Tips and instructions on reading and using the input files
The input for each CIRC case consists of 5 or 6 files, depending on the availability of cloud and aerosol information. The list of file types is as follows:

  1. Tsfc_sza_nlev_SI_caseX.txt: Contains surface skin temperature, solar zenith angle, number of atmospheric levels and the broadband solar irradiance incident at TOA for the specific case.
  2. level_input_caseX.txt:   Contains height, pressure and temperature at atmospheric levels.
  3. layer_input_caseX.txt: Contains, pressure, temperature, and mixing ratio of atmospheric molecules in atmospheric layers.
  4. aerosol_input_caseX.txt: Contains Angstrom alpha exponent, and aerosol optical depth at 1000 nm, aerosol single-scattering albedo and asymmetric factor in atmospheric layers.
  5. cloud_input_caseX.txt: Contains cloud fraction, liquid water path, ice water path, effective droplet radius and effective ice particle radius in atmospheric layers.

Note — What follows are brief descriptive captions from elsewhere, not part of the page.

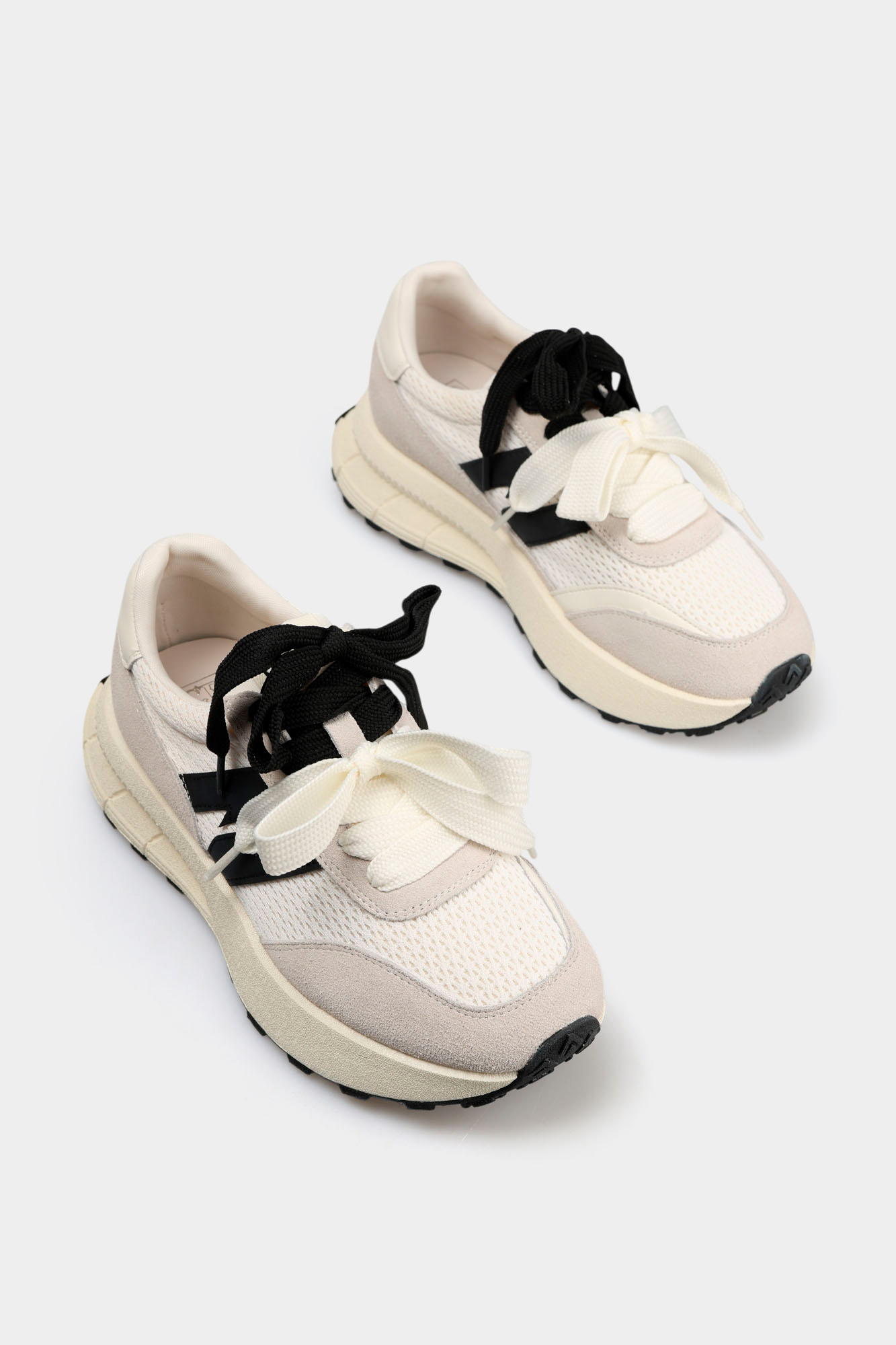 S8-3070 Кроссовки Graciana Белый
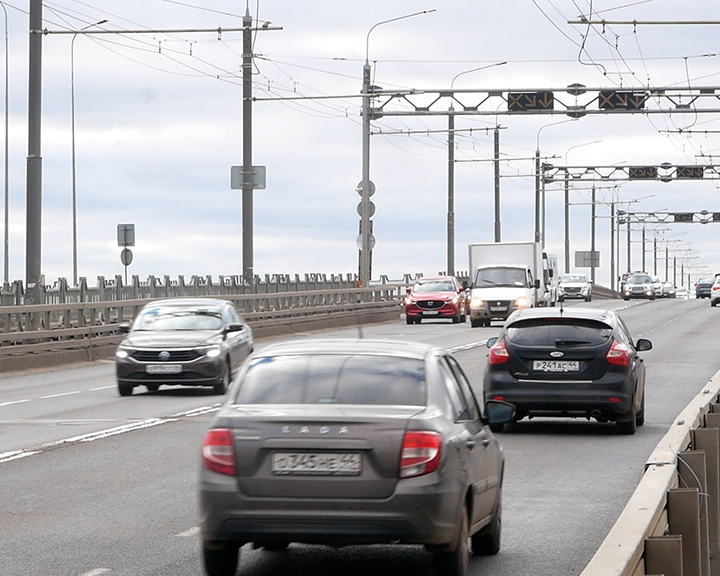 Власти Костромы объяснили, зачем нужны выделенные полосы у моста через Волгу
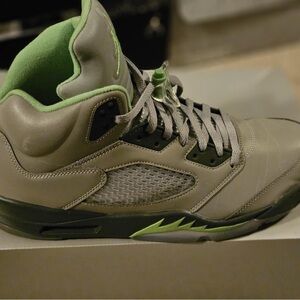 Jordan 5 Retro “Green Bean”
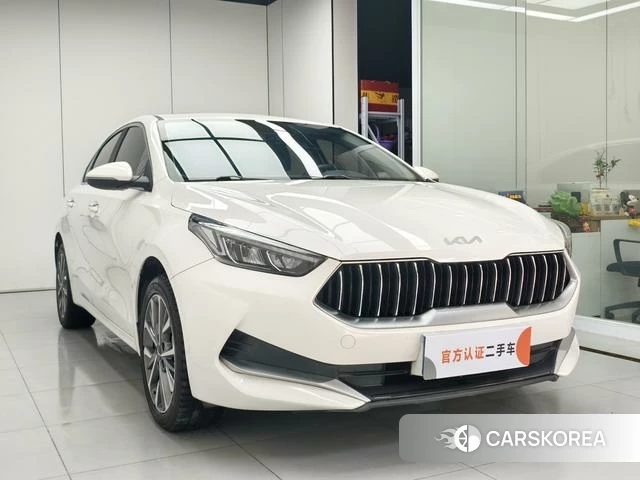 Kia K3 2021 Белый из Китая, фото 5
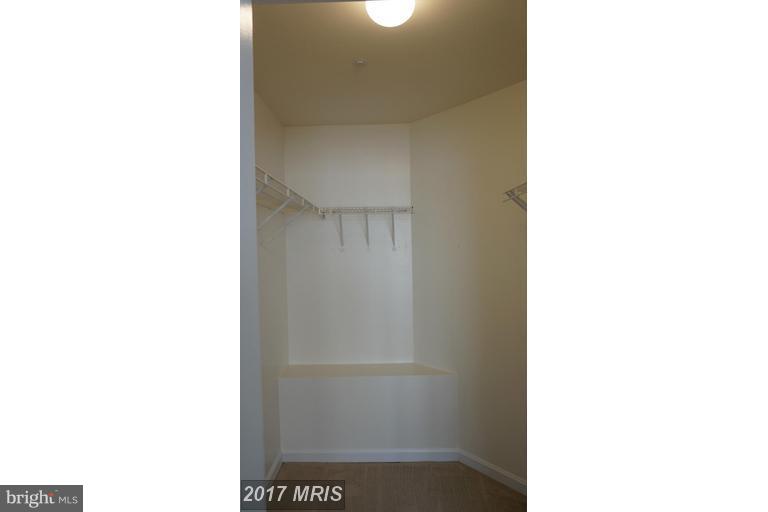 FOUNDERS WALK - Residential Lease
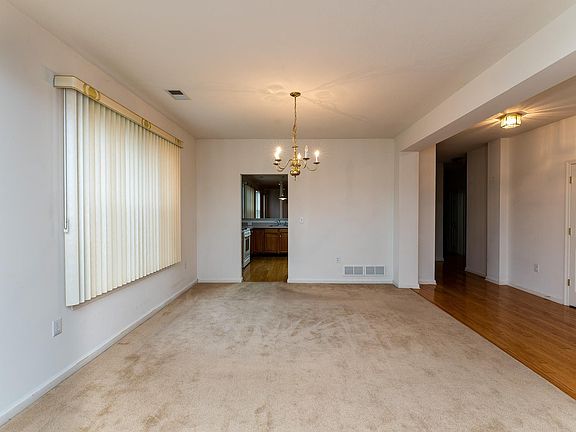5th image of 4 Marlowe Ct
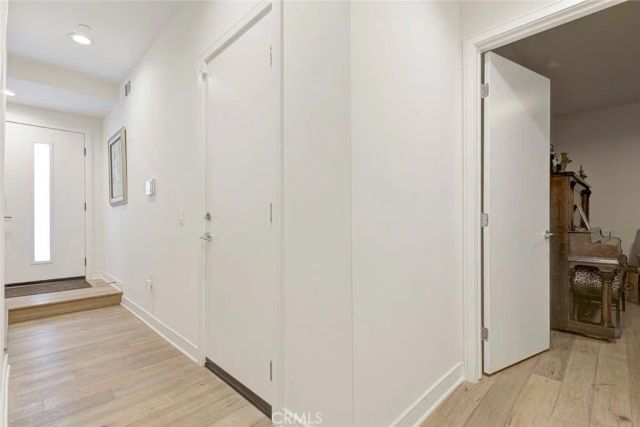 1049 N Joels Place, Los Angeles, CA 90012
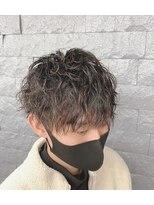 アース コアフュールボーテ 東松山店(EARTH coiffure beaute)&nbsp;センターパートツイストスパイラル波巻きパーママッシュ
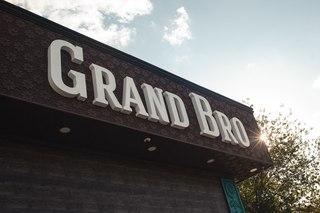Grand Bro Bar Pizza & Burger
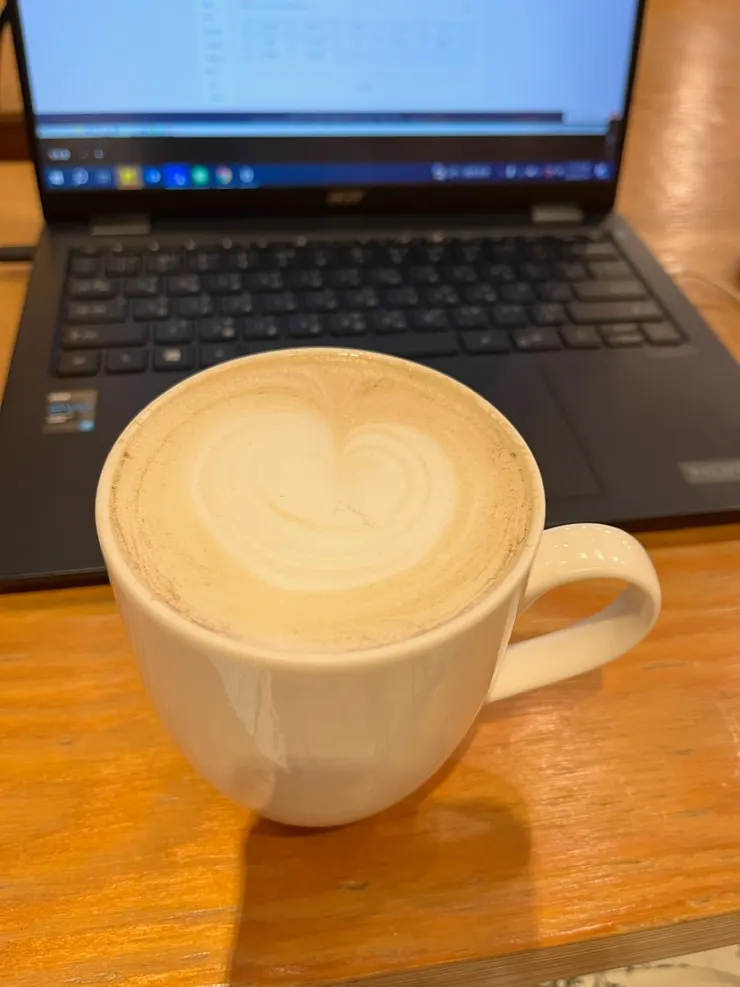 配著高會課的鐵觀音拿鐵，懷疑有另外加糖。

  6. sfcalbedo_input_caseX.txt: Contains surface albedo (assumed lambertian), the product of surface albedo and the normalized surface downwelling flux from CHARTS, and the TOA solar irradiance according to Kurucz (not case-specific, i.e., same in all files), all at 1 cm-1 resolution.

The surface emissivity is assumed to be unity for the LW calculations. Molecular concentrations are expressed as volume mixing ratios, if you need therefore to convert to mass mixing ratios, multiply by mw/28.97 where mw is the molecular weight of the particular molecule (included in layer_input_caseX.txt). To obtain aerosol optical depth at an arbitrary wavelength λ (in μm) use τ(λ)=τ(1μm)*λ-alpha . The aerosol single-scattering albedo (SSA) and asymmetry parameter (g) are spectrally invariant, and their values represent averages across the solar spectrum. Since each radiation code participating in CIRC may have a unique spectral band structure, the surface albedo is provided at relatively high spectral resolution (1 cm-1). A version of this spectral albedo that has been weighted by the CHARTS-calculated downwelling surface irradiance is also provided.  You have a choice to use either the weighted or the unweighted spectral albedos, or even, to simulate perhaps common usage where downwelling spectral irradiance is unavailable for proper weighting, the Kurucz spectral solar function. When submitting results, please mention which spectral albedo you used.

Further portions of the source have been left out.